Saturday, September 20, 2008

INB 9/20/08: California Bakery, Restaurants Raided; Raids in Chicago

Immigration News Briefs
Vol. 11, No. 23 - September 20, 2008

1. Southern California Bakery Raided
2. Northern California Restaurants Raided
3. Chicago Neighborhood Raided, Again
4. “Fugitive” Raids in Chicago Area
5. “Fugitive” Raids in Colorado

Immigration News Briefs is a weekly supplement to Weekly News Update on the Americas, published by Nicaragua Solidarity Network, 339 Lafayette St, New York, NY 10012; tel 212-674-9499; weeklynewsupdate@gmail.com; http://weeklynewsupdate.blogspot.com. INB is also distributed free via email; contact immigrationnewsbriefs@gmail.com to subscribe or unsubscribe. You may reprint or distribute items from INB, but please credit us and tell people how to subscribe. Immigration News Briefs is posted at http://immigrationnewsbriefs.blogspot.com.

*1. SOUTHERN CALIFORNIA BAKERY RAIDED

On Sept. 10, US Immigration and Customs Enforcement (ICE) agents raided the Palm Springs Baking Company in Palm Springs, California, about 100 miles east of Los Angeles. ICE agents executed a federal search warrant at the bakery and arrested 51 workers on administrative immigration violations. More than 60 officials from ICE and the federal Food and Drug Administration participated in the raid. Agents arrived in 10 passenger vans, blocking driveways and doors to prevent workers from leaving.

All but two of the 31 women and 20 men arrested were from Mexico; one worker was from Guatemala and one was from Honduras. ICE released 24 workers because of childcare or health issues and transferred the other 27 people to an ICE contract detention facility operated by the Los Angeles County Sheriff's Department in Lancaster, California. Eleven of the 27 people who were detained were released the following day, Sept. 11, with electronic monitoring devices on their ankles, according to the Desert Sun newspaper. The paper cited ICE spokesperson Lori Haley as saying that the remaining 16 workers are being held as witnesses in the case.

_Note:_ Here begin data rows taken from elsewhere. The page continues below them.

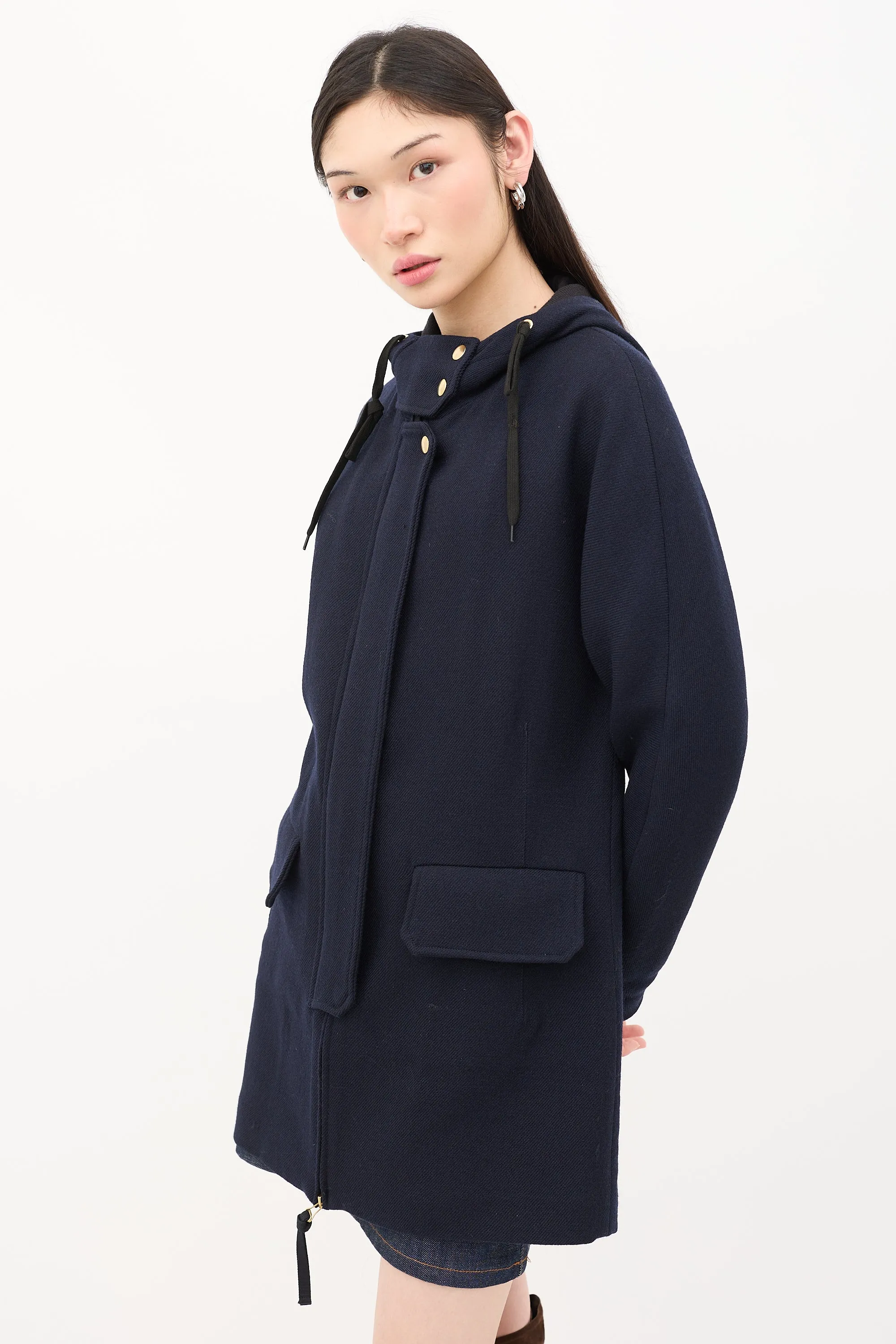 Twill Hooded Parka sold by VSP Consignment product image thumbnail 5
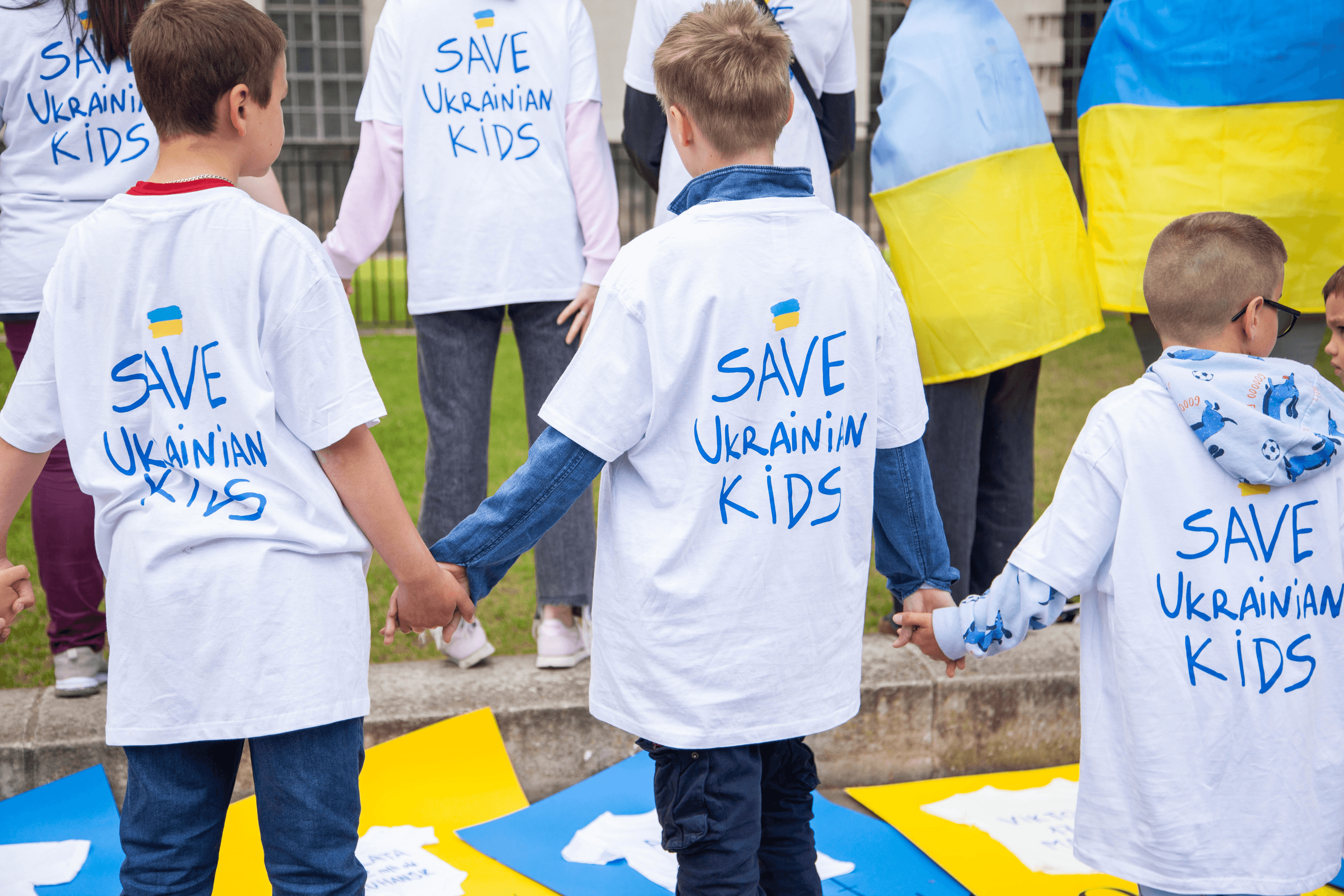 Акція в підтримку дітей війни з України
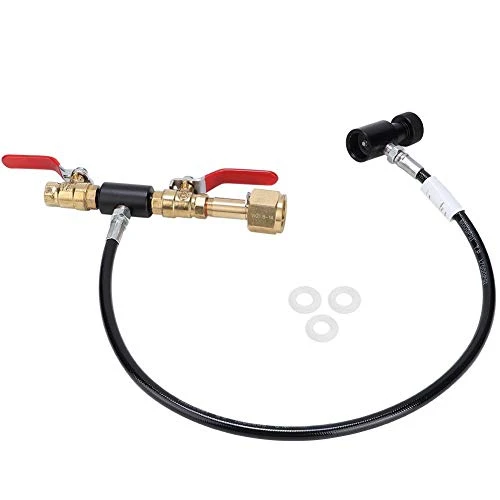 Zerodis CO2 Cylinder Refill Adapter With Hose For Filling Stainless Steel Refill Station Connector Kit For Filling Soda Maker Tank Beer Brewing Accessories(36inch) 3 Zerodis CO2 Cylinder Refill Adapter With Hose For Filling Stainless Steel Refill Station Connector Kit For Filling Soda Maker Tank Beer Brewing Accessories(36inch)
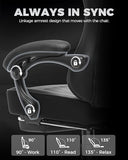 GTPLAYER Gaming Chair, 𝐁𝐢𝐠 𝐚𝐧𝐝 𝐓𝐚𝐥𝐥 Gaming Chair for Adults, 𝐖𝐢𝐝𝐞 𝐒𝐞𝐚𝐭 Computer Game Chairs with 𝐓𝐡𝐢𝐜𝐤 𝐏𝐨𝐜𝐤𝐞𝐭 𝐒𝐩𝐫𝐢𝐧𝐠 𝐂𝐮𝐬𝐡𝐢𝐨𝐧 & Footrest, Grey Ombre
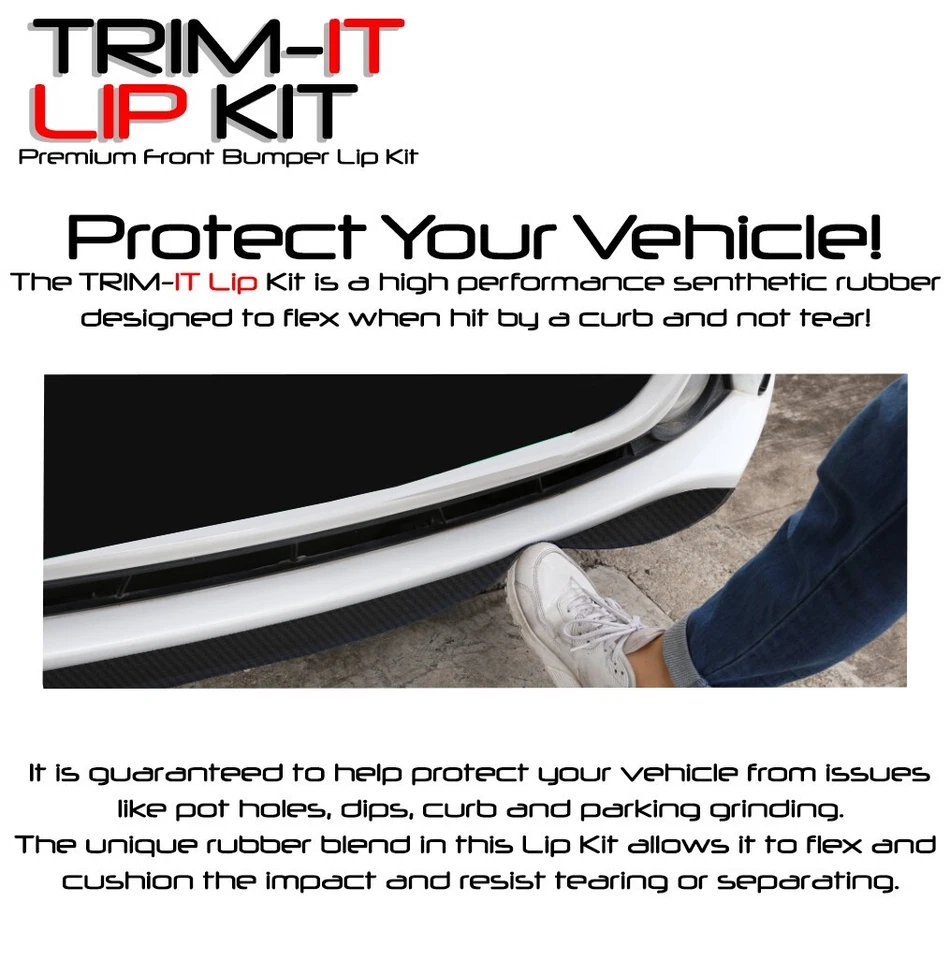 Комплект для губ TRIM-IT универсальный спойлер для бампера кромок кузова из углеродного волокна Isuzu - Изображение 3 из 4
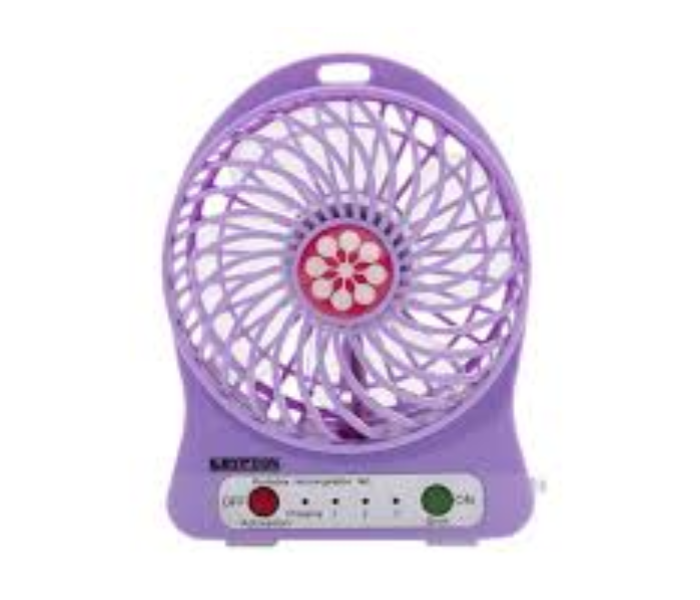Krypton KNF6037 Mini Rechargeable Fan Purple 2 in UAE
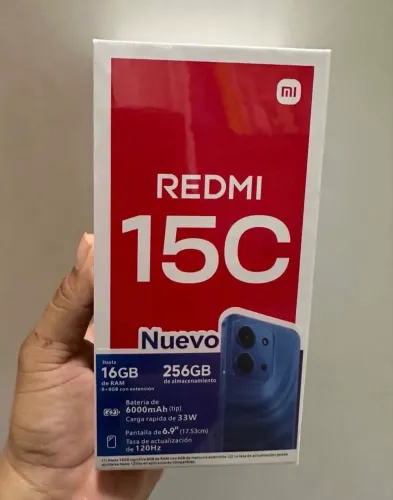 Redmi 15C 256 gigas todo original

ICE agents also arrested a current and a former company supervisor on one criminal count each of continuing to employ an unauthorized alien. According to the affidavit filed in support of the criminal arrest warrants, local law enforcement alerted ICE in 2006 about an extortion scheme in which the Palm Springs Baking Company was allegedly guaranteeing employment to unauthorized workers in exchange for a payment of approximately $3,000 for each worker. During the ensuing investigation, ICE agents submitted the names and Social Security numbers of more than 130 of the company's employees for verification and were advised that more than 100 of those numbers were invalid or did not match the accompanying name. The complaint also alleges that the bakery's employees were forced to work in the heat without water and that supervisors threatened to call immigration on those who complained about the conditions. [ICE News Release 9/10/08; Desert Sun (Palm Springs) 9/11/08, 9/12/08]

Palm Springs Baking Company CEO Brandon Tesmer said the company did nothing wrong. "We've worked with INS in the past," Tesmer said, referring to the immigration agency by its pre-2003 name, Immigration and Naturalization Service. "We'll work with them now. We've done everything right." [Desert Sun 9/11/08]

*2. NORTHERN CALIFORNIA RESTAURANTS RAIDED

On Sept. 17, ICE special agents executed federal criminal search warrants at four sites in the northern California towns of Vacaville, Vallejo and Hercules–-in the North Bay area northeast of San Francisco--as part of an investigation into the hiring and possible harboring of unauthorized workers at local Chinese restaurants. The raided sites included the King's Buffet restaurant in Vacaville, one Vacaville residence, the Empire Buffet in Vallejo and one Vallejo residence. Agents also conducted what ICE called "a consensual search"--without a warrant--at a home in Hercules. [ICE News Release 9/18/08]

Authorities are also investigating a second outlet of the Empire Buffet in San Pablo. That restaurant wasn't searched on Sept. 17 because it wasn't open, most likely because agents had already rounded up its workers, said ICE spokesperson Virginia Kice. [San Francisco Chronicle 9/20/08]

ICE agents apparently made no criminal arrests but arrested 21 workers on administrative immigration violations. Thirteen of those arrested were picked up at the restaurants and eight were discovered at the residences, which were owned by individuals affiliated with the restaurants. [ICE News Release 9/18/08] According to ICE, six people were arrested at the Hercules residence; seven were arrested at Empire Buffet in Vallejo; and two were arrested at the Vallejo residence. [Vallejo Times-Herald 9/18/08] [This suggests that ICE arrested six people at King's Buffet in Vacaville and made no arrests at the Vacaville residence.]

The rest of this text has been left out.